*GIVEN MATERIAL*:
____________
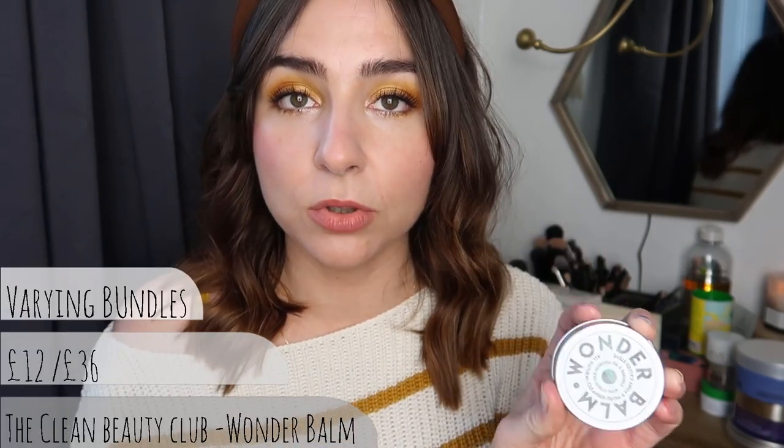And lastly is Wonder Balm. A lot of people won't have heard of this because it's a local company based in Glasgow. It was originally called A Pony Called Steve, but they've now become the Clean Beauty Club. Wonder Balm is a kind of oil made with beeswax, citrus oil and other things - it looks a bit more Vaseline-like than the others, actually more similar to the Elemis in colour and texture.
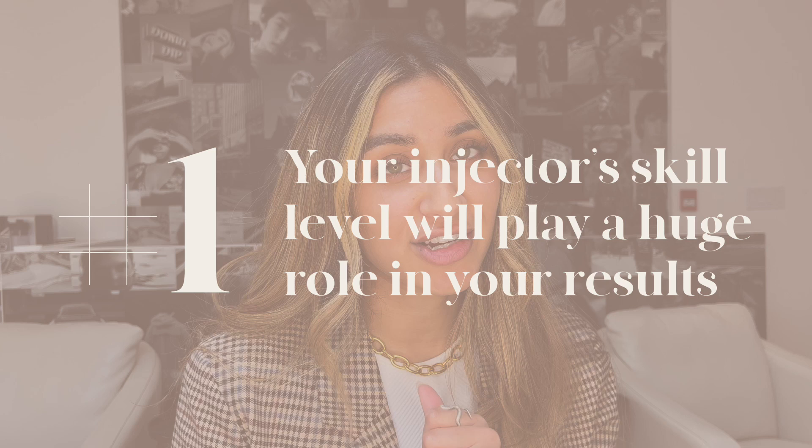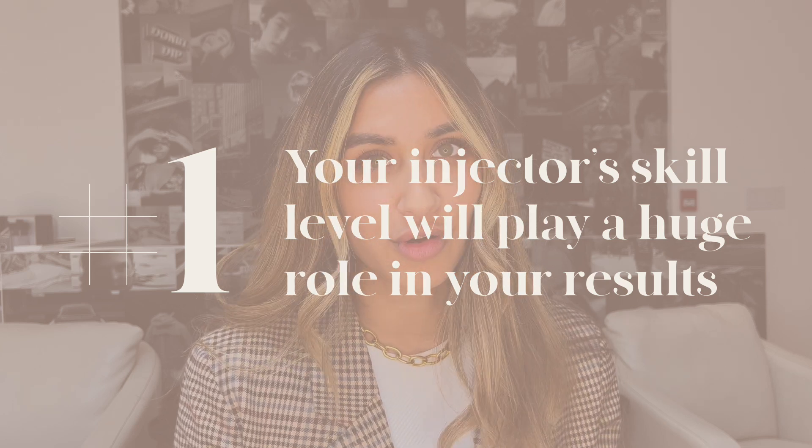The first thing you need to really think about before you get your lips filled is that your injector's skill level will play a huge role in your results. We've all heard the stories about botched lip filler by unqualified injectors, so we really want to make sure you're getting your lips filled safely and effectively. You need to do your research about your injector and their years of experience, customer reviews, people that have already seen them before, and take a look at their before and after.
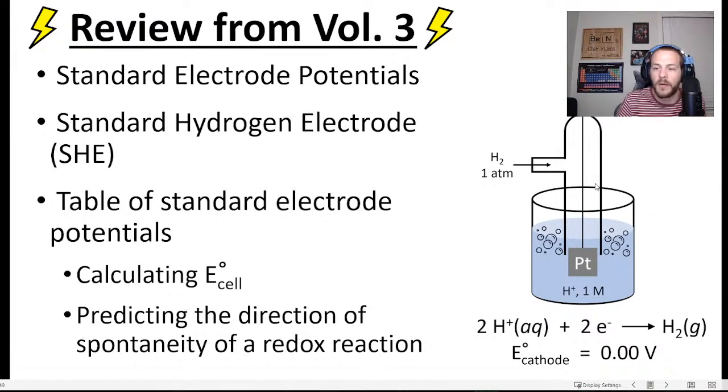The particular electrode assigned a value of zero is called the Standard Hydrogen Electrode (SHE). It's composed of an inert platinum electrode submerged in a 1 molar solution of H⁺ ions — usually from HCl — with hydrogen gas at 1 atmosphere bubbling through the solution. The reduction half-reaction is 2H⁺ + 2e⁻ → H₂, and we assign that a value of zero volts. Now we can measure the electrode potential of any other electrode relative to zero.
____________
When you return the listing, keep each line exact and leave the pictures out.

And lastly is Wonder Balm. A lot of people won't have heard of this because it's a local company based in Glasgow. It was originally called A Pony Called Steve, but they've now become the Clean Beauty Club. Wonder Balm is a kind of oil made with beeswax, citrus oil and other things - it looks a bit more Vaseline-like than the others, actually more similar to the Elemis in colour and texture.
The first thing you need to really think about before you get your lips filled is that your injector's skill level will play a huge role in your results. We've all heard the stories about botched lip filler by unqualified injectors, so we really want to make sure you're getting your lips filled safely and effectively. You need to do your research about your injector and their years of experience, customer reviews, people that have already seen them before, and take a look at their before and after.
The particular electrode assigned a value of zero is called the Standard Hydrogen Electrode (SHE). It's composed of an inert platinum electrode submerged in a 1 molar solution of H⁺ ions — usually from HCl — with hydrogen gas at 1 atmosphere bubbling through the solution. The reduction half-reaction is 2H⁺ + 2e⁻ → H₂, and we assign that a value of zero volts. Now we can measure the electrode potential of any other electrode relative to zero.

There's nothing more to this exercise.